Exercise goal:
Exactly reproduce the lines from the one containing "imagens e clipart" through the last line of the data, both ends included, leaving out pictures.

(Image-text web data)
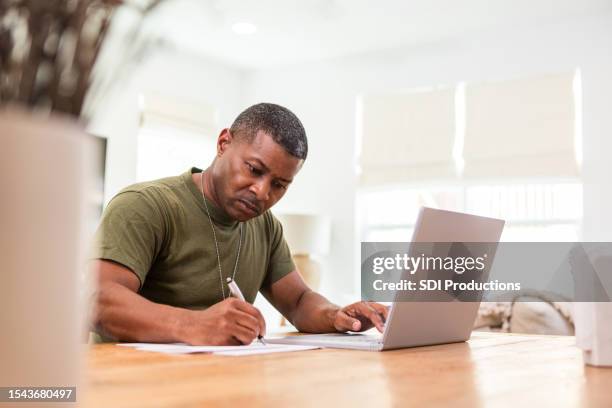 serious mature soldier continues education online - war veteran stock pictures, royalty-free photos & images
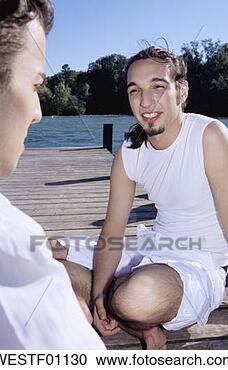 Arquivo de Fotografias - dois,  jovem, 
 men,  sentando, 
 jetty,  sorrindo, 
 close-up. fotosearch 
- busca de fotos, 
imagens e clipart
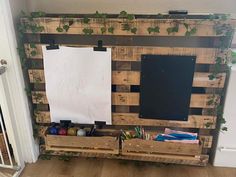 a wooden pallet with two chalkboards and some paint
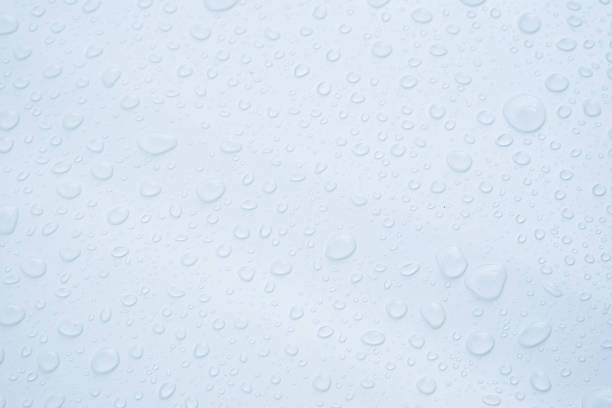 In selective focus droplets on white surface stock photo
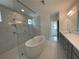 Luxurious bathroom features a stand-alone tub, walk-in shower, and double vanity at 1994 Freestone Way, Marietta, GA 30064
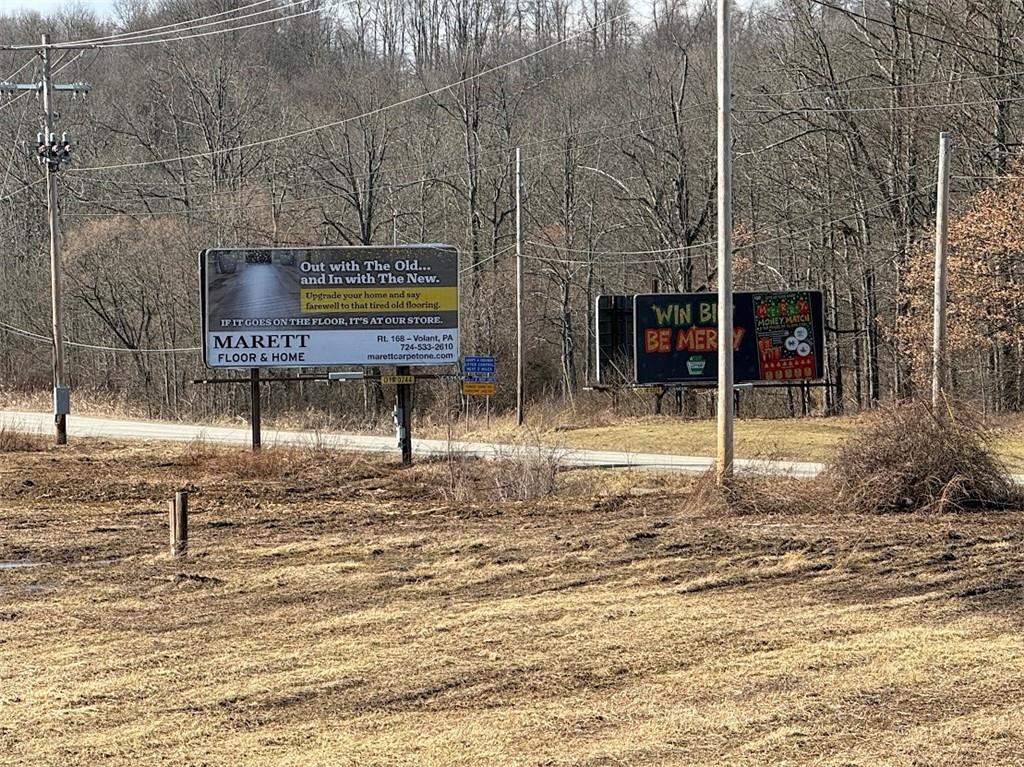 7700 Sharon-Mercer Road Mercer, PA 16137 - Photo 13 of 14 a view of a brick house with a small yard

Solved exercise:
imagens e clipart
 a wooden pallet with two chalkboards and some paint
 In selective focus droplets on white surface stock photo
 Luxurious bathroom features a stand-alone tub, walk-in shower, and double vanity at 1994 Freestone Way, Marietta, GA 30064
 7700 Sharon-Mercer Road Mercer, PA 16137 - Photo 13 of 14 a view of a brick house with a small yard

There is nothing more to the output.